TASK BRIEF
Starting at the first line of the entries below, output every line exactly, up to and including the line with "NOESIS NOESIS Florio".

EXERCISE INPUT
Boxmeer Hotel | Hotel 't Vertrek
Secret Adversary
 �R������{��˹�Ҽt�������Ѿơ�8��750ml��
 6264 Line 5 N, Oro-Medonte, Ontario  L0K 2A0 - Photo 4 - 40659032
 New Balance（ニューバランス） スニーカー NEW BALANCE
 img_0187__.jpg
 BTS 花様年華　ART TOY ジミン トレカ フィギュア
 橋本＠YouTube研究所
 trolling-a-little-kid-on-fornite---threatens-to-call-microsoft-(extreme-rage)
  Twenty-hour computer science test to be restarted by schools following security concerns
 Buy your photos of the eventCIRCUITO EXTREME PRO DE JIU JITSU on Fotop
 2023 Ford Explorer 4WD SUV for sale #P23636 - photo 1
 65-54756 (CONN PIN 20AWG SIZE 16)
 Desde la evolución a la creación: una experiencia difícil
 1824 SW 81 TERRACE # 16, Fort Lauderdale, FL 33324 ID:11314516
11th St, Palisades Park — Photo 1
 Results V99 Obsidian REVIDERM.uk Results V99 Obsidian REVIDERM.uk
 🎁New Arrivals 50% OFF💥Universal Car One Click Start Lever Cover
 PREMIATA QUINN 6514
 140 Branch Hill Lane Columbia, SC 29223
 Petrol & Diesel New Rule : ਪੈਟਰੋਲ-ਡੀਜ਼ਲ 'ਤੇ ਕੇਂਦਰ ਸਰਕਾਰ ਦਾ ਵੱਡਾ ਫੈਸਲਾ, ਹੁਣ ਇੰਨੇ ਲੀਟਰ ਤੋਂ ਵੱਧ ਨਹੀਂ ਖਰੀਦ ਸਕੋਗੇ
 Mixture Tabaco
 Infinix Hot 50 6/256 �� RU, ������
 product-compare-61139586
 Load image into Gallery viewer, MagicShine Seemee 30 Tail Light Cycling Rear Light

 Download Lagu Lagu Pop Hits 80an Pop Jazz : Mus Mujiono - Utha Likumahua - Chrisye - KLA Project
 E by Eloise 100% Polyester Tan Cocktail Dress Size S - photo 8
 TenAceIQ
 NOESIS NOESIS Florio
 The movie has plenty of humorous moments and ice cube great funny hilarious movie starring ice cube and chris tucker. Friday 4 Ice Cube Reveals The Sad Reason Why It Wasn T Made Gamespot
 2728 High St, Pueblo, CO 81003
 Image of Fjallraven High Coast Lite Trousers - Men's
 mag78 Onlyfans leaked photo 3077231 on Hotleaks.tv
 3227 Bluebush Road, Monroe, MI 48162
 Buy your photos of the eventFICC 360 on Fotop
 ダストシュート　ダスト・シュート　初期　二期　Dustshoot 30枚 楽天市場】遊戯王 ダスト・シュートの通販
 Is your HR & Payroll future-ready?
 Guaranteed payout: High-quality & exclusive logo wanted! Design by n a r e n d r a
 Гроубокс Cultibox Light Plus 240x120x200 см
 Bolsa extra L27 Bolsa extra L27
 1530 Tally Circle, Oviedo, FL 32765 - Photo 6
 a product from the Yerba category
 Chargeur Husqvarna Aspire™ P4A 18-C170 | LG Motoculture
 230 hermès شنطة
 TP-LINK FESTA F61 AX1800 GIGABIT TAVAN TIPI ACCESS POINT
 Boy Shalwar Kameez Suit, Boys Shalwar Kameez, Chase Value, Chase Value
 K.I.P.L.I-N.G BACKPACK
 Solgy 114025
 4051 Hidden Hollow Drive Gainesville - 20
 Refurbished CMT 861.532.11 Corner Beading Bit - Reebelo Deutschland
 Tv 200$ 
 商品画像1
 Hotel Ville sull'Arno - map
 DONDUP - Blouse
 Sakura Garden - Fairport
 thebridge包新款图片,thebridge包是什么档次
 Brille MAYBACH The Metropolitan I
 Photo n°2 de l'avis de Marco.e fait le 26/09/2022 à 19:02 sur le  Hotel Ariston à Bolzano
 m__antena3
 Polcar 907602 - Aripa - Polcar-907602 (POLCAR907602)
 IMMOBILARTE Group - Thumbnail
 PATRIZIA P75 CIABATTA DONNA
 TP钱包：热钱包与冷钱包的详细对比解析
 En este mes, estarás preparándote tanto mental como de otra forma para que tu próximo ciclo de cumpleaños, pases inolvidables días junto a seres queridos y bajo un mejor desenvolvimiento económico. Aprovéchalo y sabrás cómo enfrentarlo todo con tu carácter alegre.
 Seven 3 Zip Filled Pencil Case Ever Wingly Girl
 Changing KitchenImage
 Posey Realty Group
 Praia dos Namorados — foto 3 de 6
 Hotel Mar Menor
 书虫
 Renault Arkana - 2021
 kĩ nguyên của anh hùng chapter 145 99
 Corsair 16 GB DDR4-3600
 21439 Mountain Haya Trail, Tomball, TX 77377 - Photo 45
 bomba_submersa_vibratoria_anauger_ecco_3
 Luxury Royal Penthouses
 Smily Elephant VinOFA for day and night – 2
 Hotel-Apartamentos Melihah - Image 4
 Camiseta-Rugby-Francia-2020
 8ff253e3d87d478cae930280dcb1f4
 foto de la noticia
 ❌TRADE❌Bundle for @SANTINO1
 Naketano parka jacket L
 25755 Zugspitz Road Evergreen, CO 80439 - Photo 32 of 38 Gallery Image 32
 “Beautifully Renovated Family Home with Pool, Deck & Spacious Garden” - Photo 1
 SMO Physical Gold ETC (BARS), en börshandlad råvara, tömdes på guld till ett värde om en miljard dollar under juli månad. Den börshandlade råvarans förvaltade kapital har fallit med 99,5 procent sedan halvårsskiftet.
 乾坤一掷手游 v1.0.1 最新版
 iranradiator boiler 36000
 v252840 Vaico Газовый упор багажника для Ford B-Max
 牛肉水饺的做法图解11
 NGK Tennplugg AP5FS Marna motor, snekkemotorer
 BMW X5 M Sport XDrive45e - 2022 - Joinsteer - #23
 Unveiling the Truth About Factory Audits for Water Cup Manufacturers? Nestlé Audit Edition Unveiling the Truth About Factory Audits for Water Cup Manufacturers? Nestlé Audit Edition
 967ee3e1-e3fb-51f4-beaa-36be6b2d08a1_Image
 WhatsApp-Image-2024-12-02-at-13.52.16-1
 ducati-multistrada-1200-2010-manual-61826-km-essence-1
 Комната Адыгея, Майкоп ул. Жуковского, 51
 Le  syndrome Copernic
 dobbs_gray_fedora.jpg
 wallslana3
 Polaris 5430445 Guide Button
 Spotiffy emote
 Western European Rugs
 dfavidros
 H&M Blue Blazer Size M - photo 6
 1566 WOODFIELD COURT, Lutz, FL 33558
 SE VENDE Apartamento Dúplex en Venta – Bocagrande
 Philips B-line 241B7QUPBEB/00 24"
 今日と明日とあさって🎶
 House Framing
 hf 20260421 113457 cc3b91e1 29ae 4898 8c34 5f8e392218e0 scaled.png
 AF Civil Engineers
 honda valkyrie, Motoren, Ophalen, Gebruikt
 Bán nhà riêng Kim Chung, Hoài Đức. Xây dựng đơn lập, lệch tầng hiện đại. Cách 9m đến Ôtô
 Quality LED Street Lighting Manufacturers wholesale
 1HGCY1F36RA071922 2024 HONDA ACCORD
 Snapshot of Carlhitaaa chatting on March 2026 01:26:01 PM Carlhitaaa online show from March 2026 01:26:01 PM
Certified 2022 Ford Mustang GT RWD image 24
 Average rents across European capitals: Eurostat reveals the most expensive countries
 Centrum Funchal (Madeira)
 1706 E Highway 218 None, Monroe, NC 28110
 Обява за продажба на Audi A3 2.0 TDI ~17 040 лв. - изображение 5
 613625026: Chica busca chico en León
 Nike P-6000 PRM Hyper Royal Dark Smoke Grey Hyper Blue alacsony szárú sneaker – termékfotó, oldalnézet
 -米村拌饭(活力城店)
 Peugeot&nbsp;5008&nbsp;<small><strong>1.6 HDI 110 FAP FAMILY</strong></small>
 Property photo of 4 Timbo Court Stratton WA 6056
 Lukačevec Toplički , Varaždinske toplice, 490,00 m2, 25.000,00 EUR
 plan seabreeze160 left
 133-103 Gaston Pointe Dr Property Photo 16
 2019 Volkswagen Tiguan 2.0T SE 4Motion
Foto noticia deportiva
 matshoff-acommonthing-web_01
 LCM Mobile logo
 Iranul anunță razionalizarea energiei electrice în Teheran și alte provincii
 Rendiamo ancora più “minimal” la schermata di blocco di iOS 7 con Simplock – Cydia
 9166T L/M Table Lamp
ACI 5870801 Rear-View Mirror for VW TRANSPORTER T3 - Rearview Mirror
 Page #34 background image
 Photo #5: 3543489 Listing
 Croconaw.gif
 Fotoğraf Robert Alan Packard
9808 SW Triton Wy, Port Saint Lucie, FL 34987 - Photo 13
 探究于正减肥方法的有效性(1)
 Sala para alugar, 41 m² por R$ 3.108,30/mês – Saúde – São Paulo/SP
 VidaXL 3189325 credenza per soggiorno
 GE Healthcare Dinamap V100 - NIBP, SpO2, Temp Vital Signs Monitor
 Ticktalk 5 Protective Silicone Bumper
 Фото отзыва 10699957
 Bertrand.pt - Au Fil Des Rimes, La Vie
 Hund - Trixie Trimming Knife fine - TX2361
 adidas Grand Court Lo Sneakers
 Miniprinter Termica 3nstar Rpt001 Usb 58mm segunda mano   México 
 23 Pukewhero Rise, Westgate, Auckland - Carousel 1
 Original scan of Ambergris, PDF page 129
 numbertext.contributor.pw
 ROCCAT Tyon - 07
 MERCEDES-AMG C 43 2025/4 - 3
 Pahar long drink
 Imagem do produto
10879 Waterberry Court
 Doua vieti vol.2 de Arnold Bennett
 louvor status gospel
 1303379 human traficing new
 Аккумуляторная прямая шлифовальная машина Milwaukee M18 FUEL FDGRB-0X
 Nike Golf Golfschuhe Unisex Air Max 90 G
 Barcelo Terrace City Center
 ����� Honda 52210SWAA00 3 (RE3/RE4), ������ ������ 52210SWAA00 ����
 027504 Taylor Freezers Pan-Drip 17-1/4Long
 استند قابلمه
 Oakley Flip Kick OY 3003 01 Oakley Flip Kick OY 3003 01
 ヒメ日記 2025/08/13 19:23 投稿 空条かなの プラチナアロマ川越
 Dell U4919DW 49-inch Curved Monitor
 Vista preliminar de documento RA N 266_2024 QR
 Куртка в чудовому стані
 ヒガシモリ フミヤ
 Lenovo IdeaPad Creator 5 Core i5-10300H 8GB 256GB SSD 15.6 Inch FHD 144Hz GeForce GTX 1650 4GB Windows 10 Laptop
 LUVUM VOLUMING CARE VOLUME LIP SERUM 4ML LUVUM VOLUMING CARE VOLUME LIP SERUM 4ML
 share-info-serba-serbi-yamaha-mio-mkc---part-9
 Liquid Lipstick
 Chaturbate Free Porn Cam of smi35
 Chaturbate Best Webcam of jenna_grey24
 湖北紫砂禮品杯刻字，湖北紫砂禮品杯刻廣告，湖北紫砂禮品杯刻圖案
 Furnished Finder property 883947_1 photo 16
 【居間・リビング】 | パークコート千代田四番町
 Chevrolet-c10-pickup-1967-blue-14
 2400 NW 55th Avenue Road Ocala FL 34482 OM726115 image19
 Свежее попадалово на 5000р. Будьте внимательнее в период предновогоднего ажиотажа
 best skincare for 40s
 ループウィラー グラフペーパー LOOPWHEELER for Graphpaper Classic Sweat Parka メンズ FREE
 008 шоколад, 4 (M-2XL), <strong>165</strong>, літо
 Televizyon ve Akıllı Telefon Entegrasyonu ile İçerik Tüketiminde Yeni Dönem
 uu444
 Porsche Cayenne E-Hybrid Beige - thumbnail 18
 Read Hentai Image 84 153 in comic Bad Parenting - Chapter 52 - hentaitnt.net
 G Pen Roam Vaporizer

RESULT OF THE TASK
Boxmeer Hotel | Hotel 't Vertrek
Secret Adversary
 �R������{��˹�Ҽt�������Ѿơ�8��750ml��
 6264 Line 5 N, Oro-Medonte, Ontario  L0K 2A0 - Photo 4 - 40659032
 New Balance（ニューバランス） スニーカー NEW BALANCE
 img_0187__.jpg
 BTS 花様年華　ART TOY ジミン トレカ フィギュア
 橋本＠YouTube研究所
 trolling-a-little-kid-on-fornite---threatens-to-call-microsoft-(extreme-rage)
  Twenty-hour computer science test to be restarted by schools following security concerns
 Buy your photos of the eventCIRCUITO EXTREME PRO DE JIU JITSU on Fotop
 2023 Ford Explorer 4WD SUV for sale #P23636 - photo 1
 65-54756 (CONN PIN 20AWG SIZE 16)
 Desde la evolución a la creación: una experiencia difícil
 1824 SW 81 TERRACE # 16, Fort Lauderdale, FL 33324 ID:11314516
11th St, Palisades Park — Photo 1
 Results V99 Obsidian REVIDERM.uk Results V99 Obsidian REVIDERM.uk
 🎁New Arrivals 50% OFF💥Universal Car One Click Start Lever Cover
 PREMIATA QUINN 6514
 140 Branch Hill Lane Columbia, SC 29223
 Petrol & Diesel New Rule : ਪੈਟਰੋਲ-ਡੀਜ਼ਲ 'ਤੇ ਕੇਂਦਰ ਸਰਕਾਰ ਦਾ ਵੱਡਾ ਫੈਸਲਾ, ਹੁਣ ਇੰਨੇ ਲੀਟਰ ਤੋਂ ਵੱਧ ਨਹੀਂ ਖਰੀਦ ਸਕੋਗੇ
 Mixture Tabaco
 Infinix Hot 50 6/256 �� RU, ������
 product-compare-61139586
 Load image into Gallery viewer, MagicShine Seemee 30 Tail Light Cycling Rear Light

 Download Lagu Lagu Pop Hits 80an Pop Jazz : Mus Mujiono - Utha Likumahua - Chrisye - KLA Project
 E by Eloise 100% Polyester Tan Cocktail Dress Size S - photo 8
 TenAceIQ
 NOESIS NOESIS Florio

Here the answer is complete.